When big data meets Bob Dylan

I’ve been at two modelling and simulation conferences in the last month in which the subject of ‘Big Data’ has been discussed. According to one speaker, a Professor, we are currently producing more bytes of data each year than were produced in the previous 5,000 – each year! 

Now I’m good with numbers, but I lost count of the almost meaningless string of zero’s that represent this data explosion. And so I mused, and wondered what Bob Dylan might have made of this data onslaught:   How many times must we tick the right box before we’ve got what we need? How many bytes must we store in the cloud before we say ‘that’s enough’? And how many ways must we cut what we’ve got before our profiles are full? The answer my friend is blowin’ in the wind The answer is blowin’ in the wind.   Wiki describes the original Bob Dylan anthem as impenetrably ambiguous. The answer is either so obvious it’s ‘in your face’, or so impenetrable that you’ll never work it out! A bit like the wind.   But of course life is full of ambiguities, so this is not a plea to halt the headlong dash to capture more and more data. There is plenty of evidence that this surge of data and our ability to derive real benefit from it is significant, particularly in healthcare. It is, however, an appeal to avoid an over-reliance on Big Data as some sort of ‘magic bullet’ that will enable us to transform our health and care services beyond recognition. I want to suggest 4 reasons why this is not the case:

  1. Big data ‘individuates’ us. But we’re more than that! Our personal health outcomes and wellbeing are a function of our relationships; those who might care for us, and those we care for.
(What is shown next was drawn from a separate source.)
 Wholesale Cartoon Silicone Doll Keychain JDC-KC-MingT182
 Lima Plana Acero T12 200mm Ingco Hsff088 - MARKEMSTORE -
In recent work to identify risks of admission to care homes WSP recognised the vital contribution that carer support plays in continuing to care for someone at home, but matching datasets for an individual across health and social struggle to capture this vital element.
  2. Big data cannot solve the integration challenge for as long as we train and employ people to function in over-specialised roles. The recently published ‘Shape of Training’ report recognises this for the medical profession. Other work previously undertaken by WSP in the area of Long Term Neurological Conditions also demonstrates the overlapping skills and competency frameworks necessary to inform workforce profiles for this group of patients.
  3. Big data doesn’t guarantee our ability to deliver coordinated care. In other work by WSP for the National End of Life Care Programme to evaluate an electronic system for the co-ordination of end of life care we found that the technology solutions could be trumped by the presence, or absence of a good relationships between disparate team members.
  4. Big data must not be used to over-ride professional judgement. In all of our simulation and modelling work WSP emphasises the aid that such tools provide to elicit and represent our knowledge in meaningful ways. But all models, including the representation of complex data, are a product of our (limited) understanding. They are wrong by definition, and it is in the environment of professional judgement, appropriately supported and safeguarded, that the ‘right’ decisions are made.

The risk we face is in turning ‘big data’ into an entity in itself, a self-perpetuating depository ruled by layers of impenetrable formulae. Such a beast, were it to be let loose unsupervised, would be blind to the realities of the world in which we live, with obvious consequences.   So, how many bytes must we store in the cloud?  The answer, my friend, is blowin’ in the wind.